**AIM OF THE EXERCISE**.
Would you please return the line containing "Pure Chiffon with" and all the lines after it through the end of the records below, unchanged and on their own?

Start of DATA SECTION

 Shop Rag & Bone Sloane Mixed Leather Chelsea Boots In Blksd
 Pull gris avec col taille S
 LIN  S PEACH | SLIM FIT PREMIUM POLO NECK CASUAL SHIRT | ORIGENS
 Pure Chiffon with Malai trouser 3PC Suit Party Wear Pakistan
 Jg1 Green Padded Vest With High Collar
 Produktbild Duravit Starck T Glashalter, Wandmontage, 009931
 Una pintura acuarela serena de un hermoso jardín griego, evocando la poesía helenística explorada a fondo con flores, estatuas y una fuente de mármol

End of DATA SECTION

**COMPLETED EXERCISE**.
 Pure Chiffon with Malai trouser 3PC Suit Party Wear Pakistan
 Jg1 Green Padded Vest With High Collar
 Produktbild Duravit Starck T Glashalter, Wandmontage, 009931
 Una pintura acuarela serena de un hermoso jardín griego, evocando la poesía helenística explorada a fondo con flores, estatuas y una fuente de mármol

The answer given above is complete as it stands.